For OpenAI embeddings (optional, better quality):

export OPENAI_API_KEY=your-api-key-here

Or configure in .ctxai/config.json:

{
  "embedding": {
    "provider": "openai",
    "api_key": "your-api-key-here"
  }
}

Indexing Your Codebase

Index your project to enable semantic search:

# Basic usage
ctxai index /path/to/codebase "index_name"

# With Python module
python -m ctxai index /path/to/codebase "index_name"

# Include only specific file patterns
ctxai index /path/to/codebase "my-index" --include "*.py" --include "*.js"

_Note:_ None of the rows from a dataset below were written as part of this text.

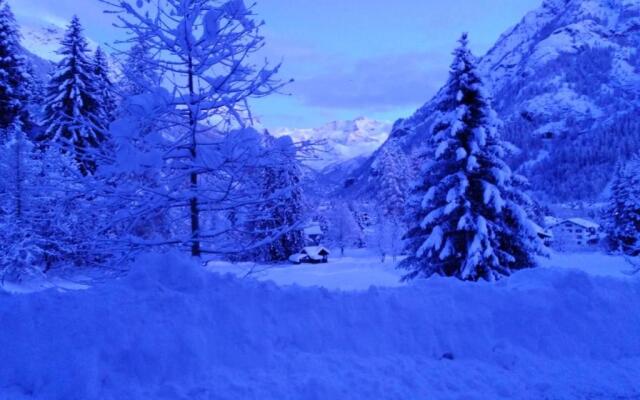 Appartement Quadrifoglio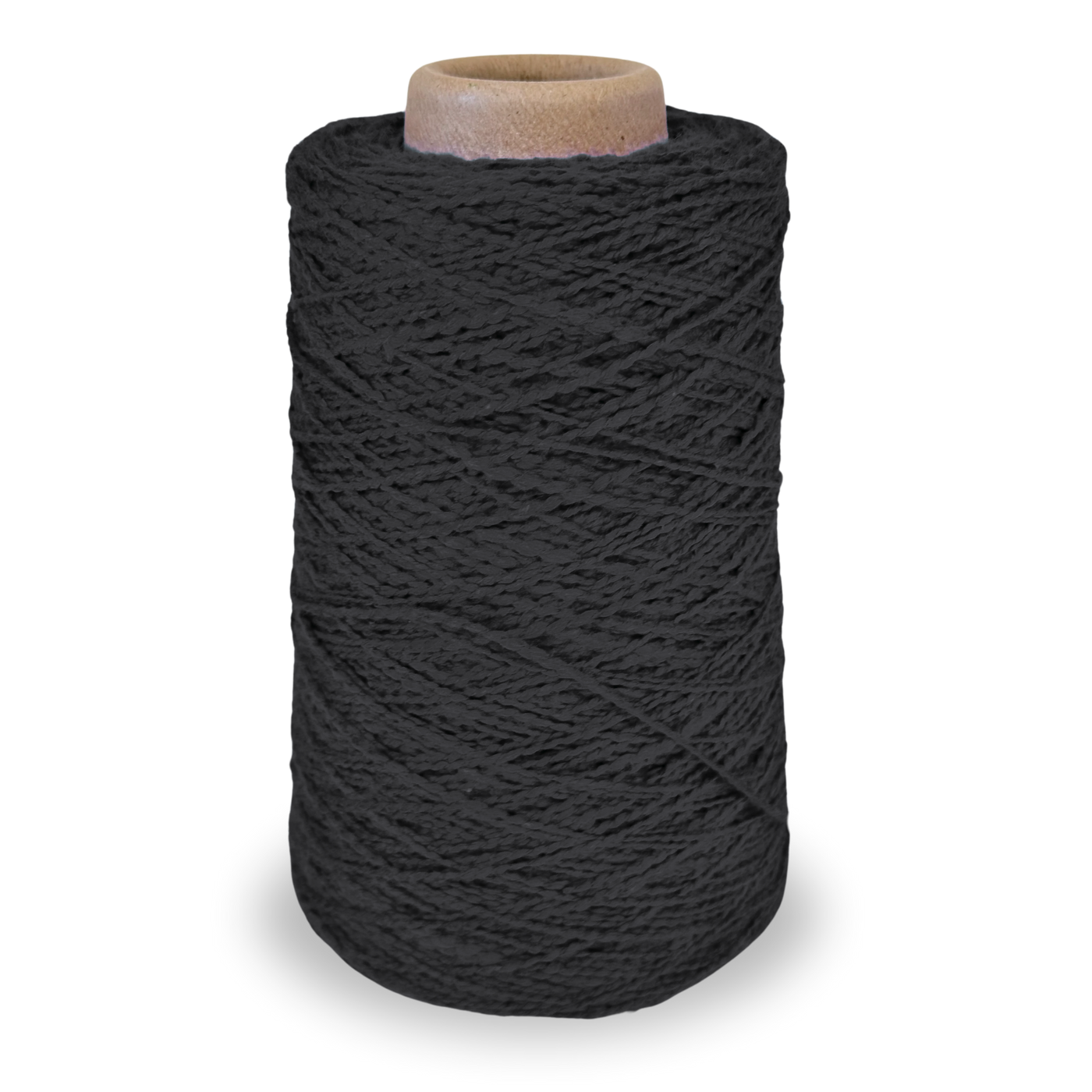 Lofty Cotton Pillow Soft  Bouclé Yarn | 1lb Worsted Weight Cone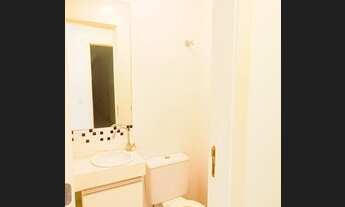 Imagem 3: Condomínio completo, inovador e moderno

# Exclude additional patterns beyond .gitignore
ctxai index /path/to/codebase "my-index" --exclude "*.test.js" --exclude "migrations/*"

# Don't follow .gitignore
ctxai index /path/to/codebase "my-index" --no-follow-gitignore

The indexing process will:

  1. Traverse your codebase recursively (respecting .gitignore by default)
  2. Parse code using tree-sitter for semantic understanding
  3. Chunk code intelligently (functions, classes, etc.)
  4. Generate embeddings using OpenAI's embedding API
  5. Store in a local ChromaDB vector database (.ctxai directory)

CLI Commands

View all available commands:

ctxai --help

Available commands:

  • index - Index a codebase for semantic search
  • query - Query an indexed codebase using natural language
  • dashboard - Start the web dashboard for browsing and querying
  • server - Start the MCP server for AI agents

Querying Your Codebase

Once you've indexed a codebase, you can query it using natural language:

# Basic query
ctxai query my-project "Find authentication functions"

# Limit number of results
ctxai query my-project "How to connect to database" --n-results 3

# Show only metadata (no code content)
ctxai query my-project "Find error handling code" --no-content

The query command will:

  1. Generate an embedding for your query
  2. Search the vector database for similar code
  3. Display results with:
    • File paths and line numbers
    • Chunk types (function, class, etc.)
    • Similarity scores
    • Syntax-highlighted code previews

Web Dashboard

Start the interactive web dashboard to manage your indexes:

# Start dashboard (default port 3000)
ctxai dashboard

# Use custom port
ctxai dashboard --port 8080

The dashboard provides:

  • ๐Ÿ“Š View all indexes with statistics (chunk count, size, timestamps)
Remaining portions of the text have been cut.